Multi-screen and short film experience dissecting the migration experience.

‘A Journey To Stillness’ is a multi-screen installation that dissects the migration experience by drawing on the memories of Ghanaian migrants who moved to London during the 1980s and 90s. The experience utilises collage animations, immersive soundscapes and archival footage to create snapshots highlighting the nuances of everyday life in Ghana and London. The project will unpack the socio-political environment of Ghana during it’s early years of independence with the transformation of Ghanaian highlife music during the 1950s to 1990s running as a parallel narrative; a commodity that was globally exported. This project aims to conceive a new approach to viewing and interacting with silenced histories with the view of reversing the stigma surrounding resettlement.

The film’s narrative interweaves various accounts relating to the migration experience, collected from multiple archives and conducted interviews whilst creating fictional scenes to clarify gaps and silences in researched histories whilst providing a full bodied experience. The film is broken down into chapters. Chapter One surrounds early memories of Ghana post-independence.
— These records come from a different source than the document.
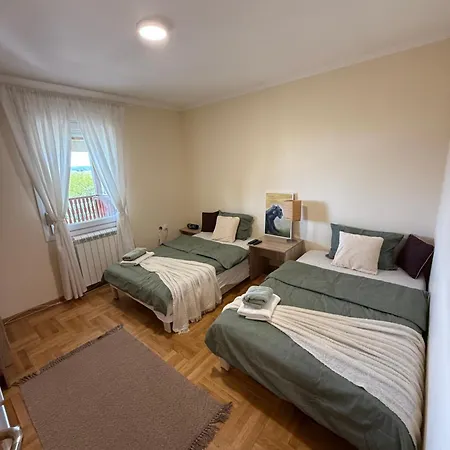 Villa Zen Cherry House- Vikendica Na Dan Sa Bazenom1,5ha Izmedju Avale I Kosmaja Drobnjaci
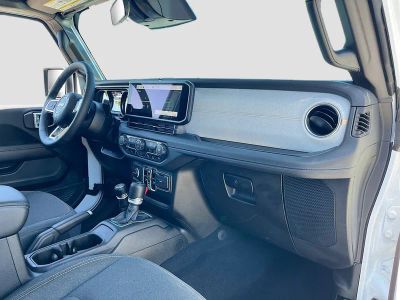 2025 Jeep Wrangler — photo 27 view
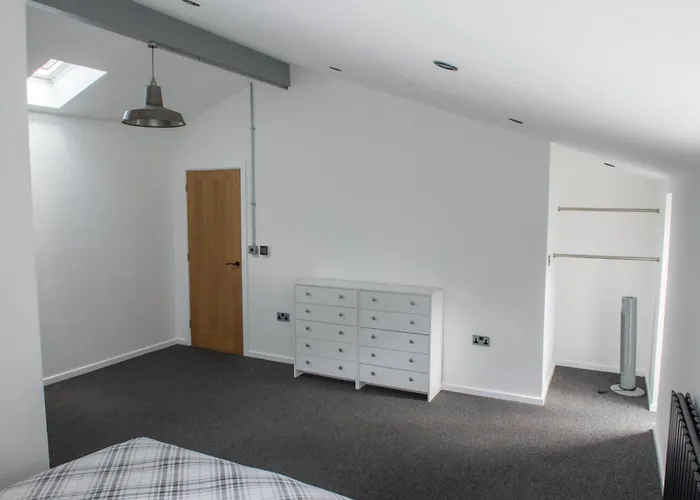 Toothbrush Apartments - Central Ipswich - Fore St
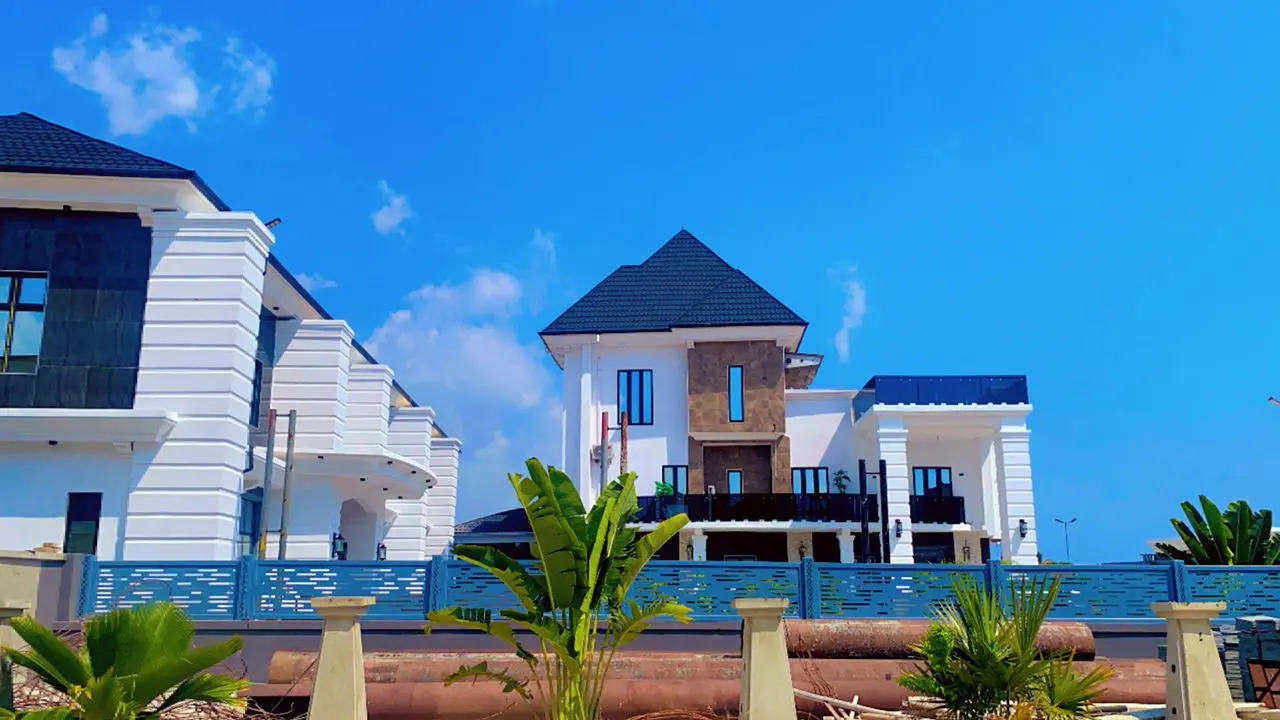 background image of property that can be won through the seabreeze challenge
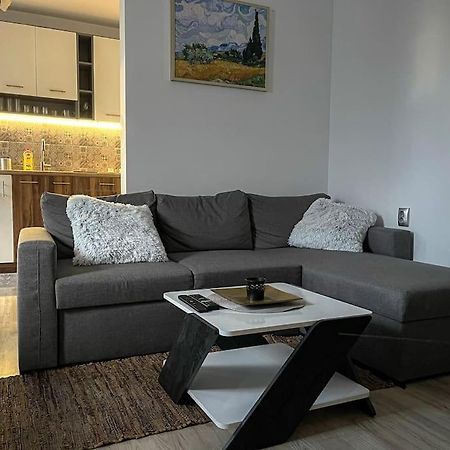 A Flat For A Great Start Apartment โซเฟีย ภายนอก รูปภาพ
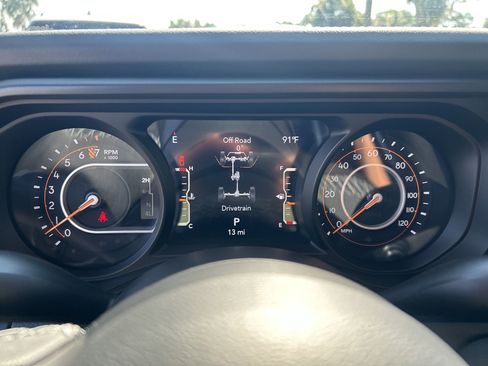 New 2025 Jeep Gladiator Sport image 19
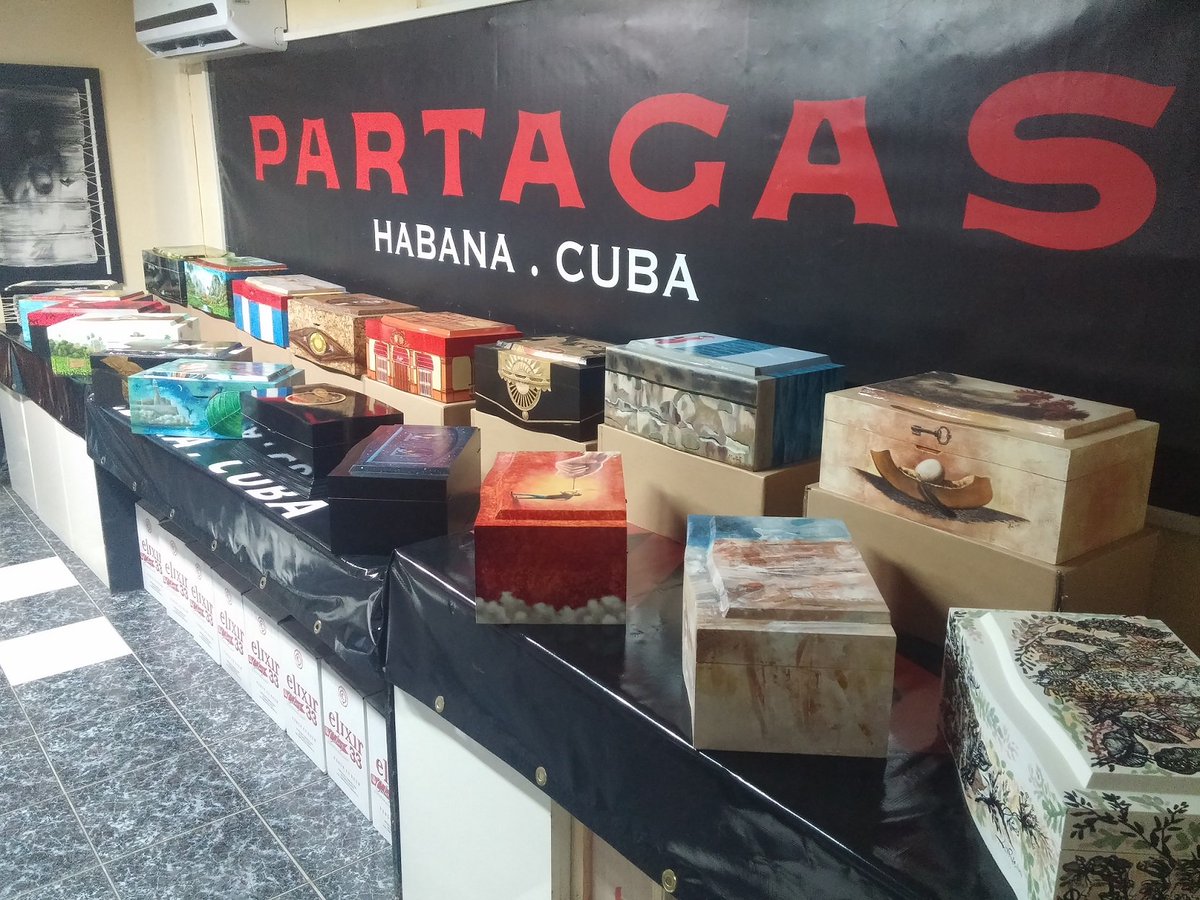 SikereiH's tweet photo. Memories of the 26th Anniversary of Partagรกs' Friends Meeting, November 2014. Humidors by @SikereiH, for more details visit https://t.co/v9lW0qglfa
#Cuba #G121 #cigarlifestyle #cubanhumidor #humidorlife #Premiumcigar #handmadehumidor https://t.co/fC8R7I4YhK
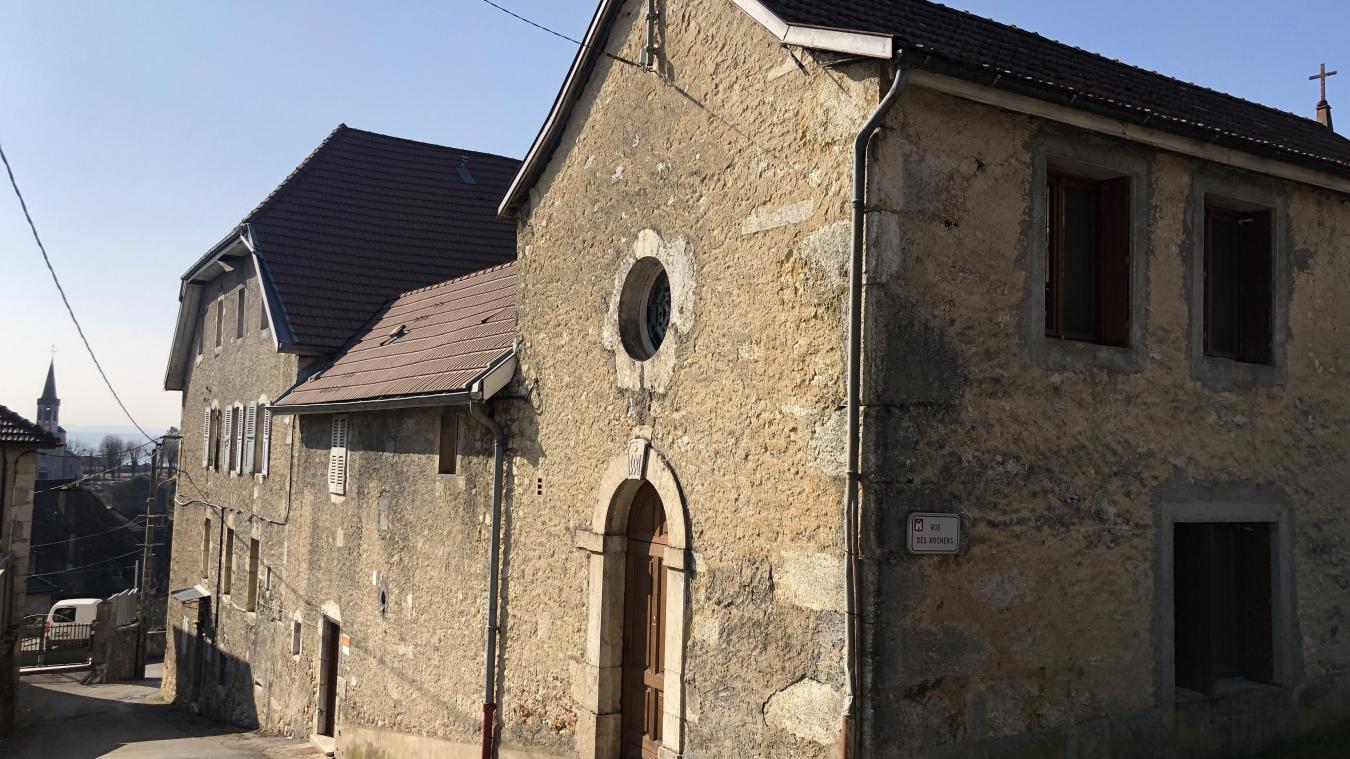 La maison Saint-Joseph se trouve sur l’escarpement de la Tour, à Châtillon village, non loin de la statue de la Vierge.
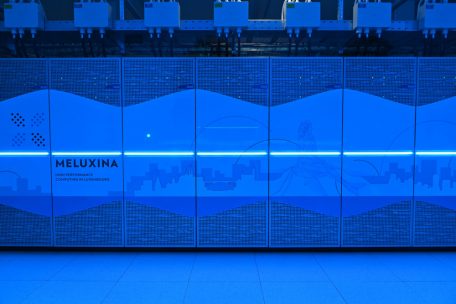 Sch&ouml;ne Fassade: das &Auml;u&szlig;ere des Supercomputers &bdquo;Meluxina&ldquo;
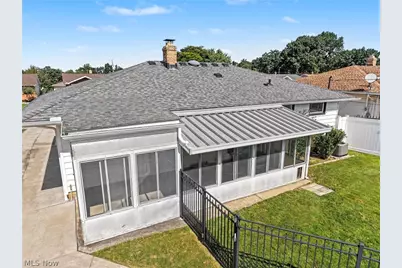 578 E Hillsdale Avenue, Green Hills, OH 44131 - Photo 3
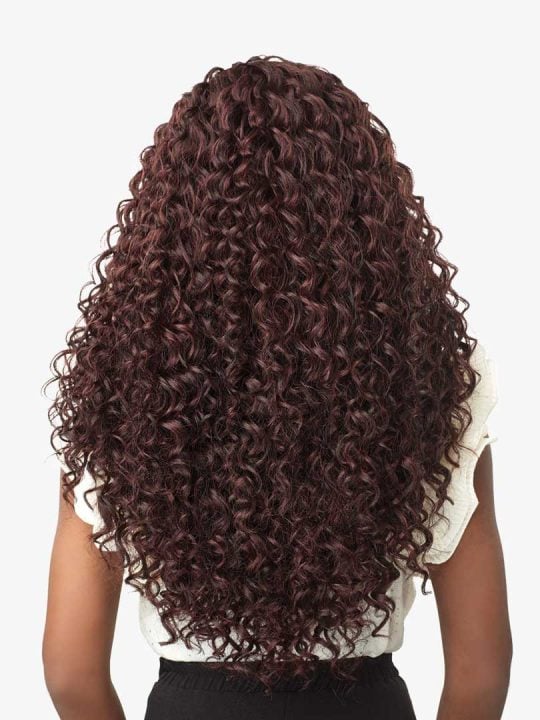 BEACH CURL 18″ These curled ringlets will make you wish you were sipping a piña colada on a tropical beach.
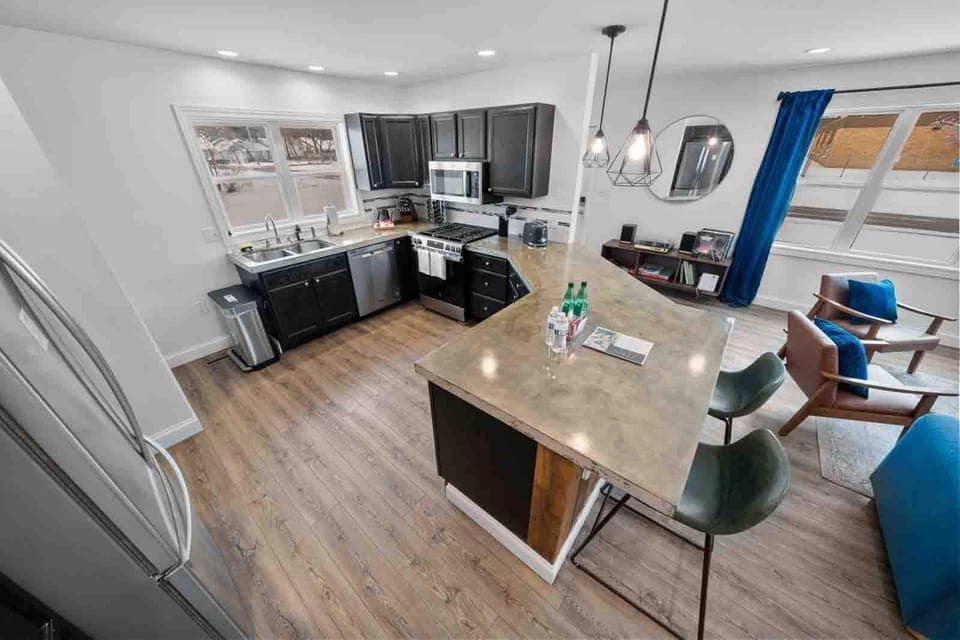 Fully Stocked Kitchen – Equipped with everything you need to whip up a gourmet meal or prepare a quick and easy snack. From stainless steel appliances to essential cookware and utensils, this kitchen has you covered for every culinary adventure.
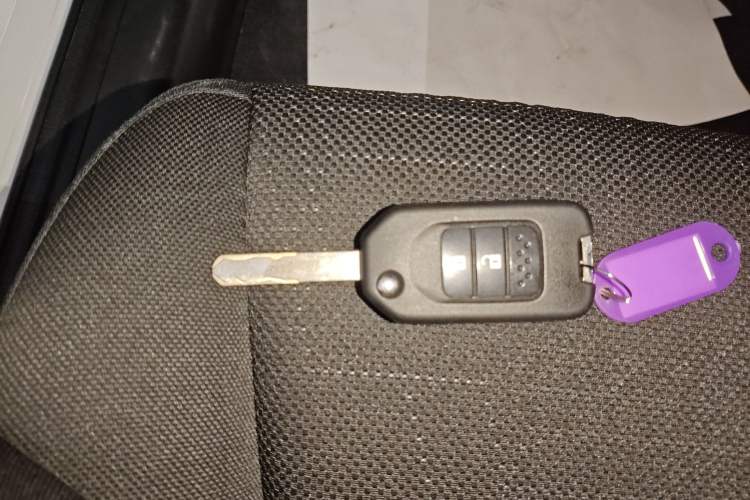 Used Honda Fit 2018 1.5L CVT Comfort Sunroof Version Vehicle Key
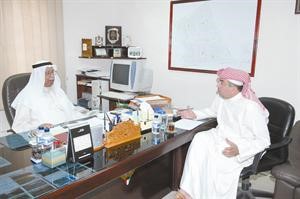 مختار الروضة محمد الحيدر متحدثا للزميل فرج ناصر﻿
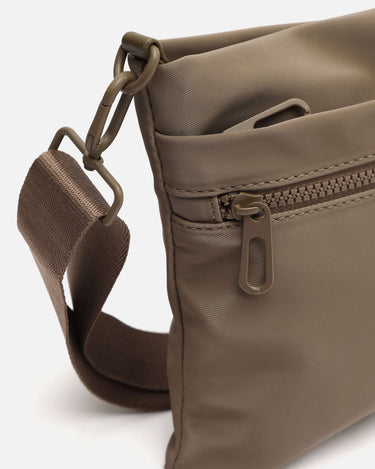 Sakai bolso bandolera pequeño en nylon 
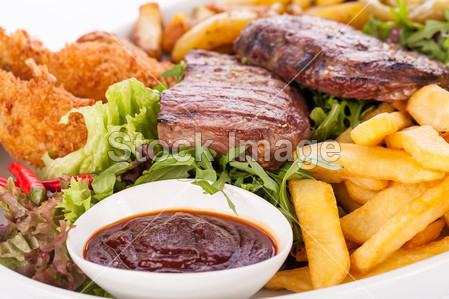 Platter of mixed meats, salad and French fries图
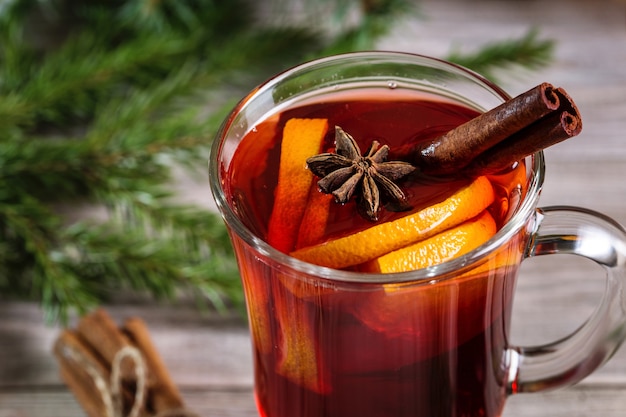 Kerst glühwein en mandarijnen met kaneelstokjes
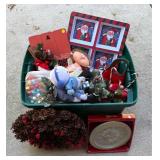Holiday Decorations Collection with Pinecone Wreath - Retail: $45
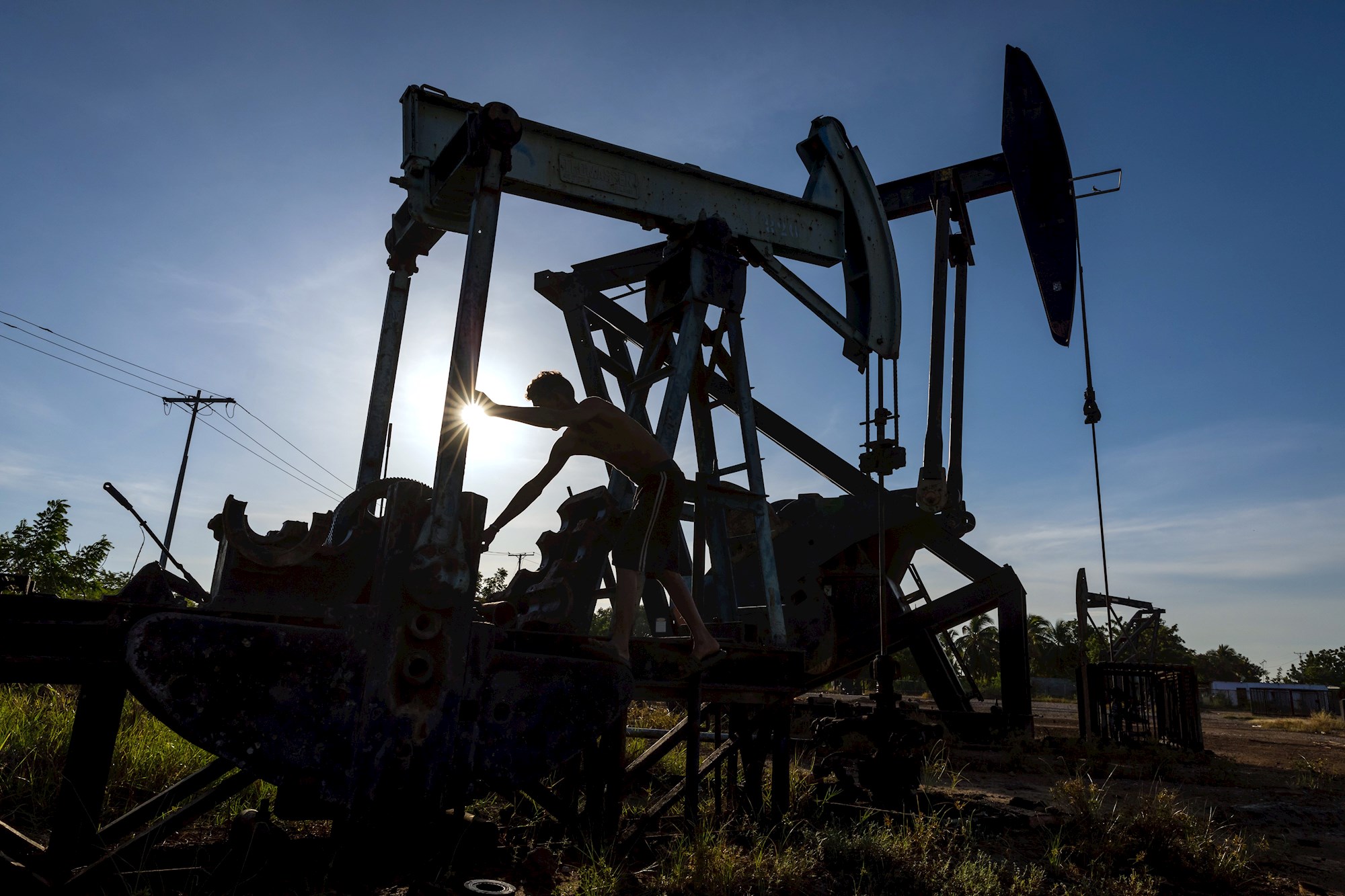 Precios del petróleo suben más de 3% luego de acuerdo sobre cortes de producción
It embodies the vibrancy of Ghana embarking on a new journey of independence but also the frictions as the once segmented notion must move as one. Chapter two focuses on the military overthrowing the first president of Ghana, foreign loans from the UK and America multiplying and the impressions left from colonialism through an account of an interviewee’s experience of seeing his brother for the first time after travelling aboard. For Chapter three, Thatcher England will be explored. The pre-conceived notions of England the interviewees had will be juxtaposed with the racial injustices that were commencing in London. This section will also explore the new life Ghanaian migrants carved for themselves during this time period.

Overall, this piece aims to dismantle the negative ideologies surrounding migration into the UK.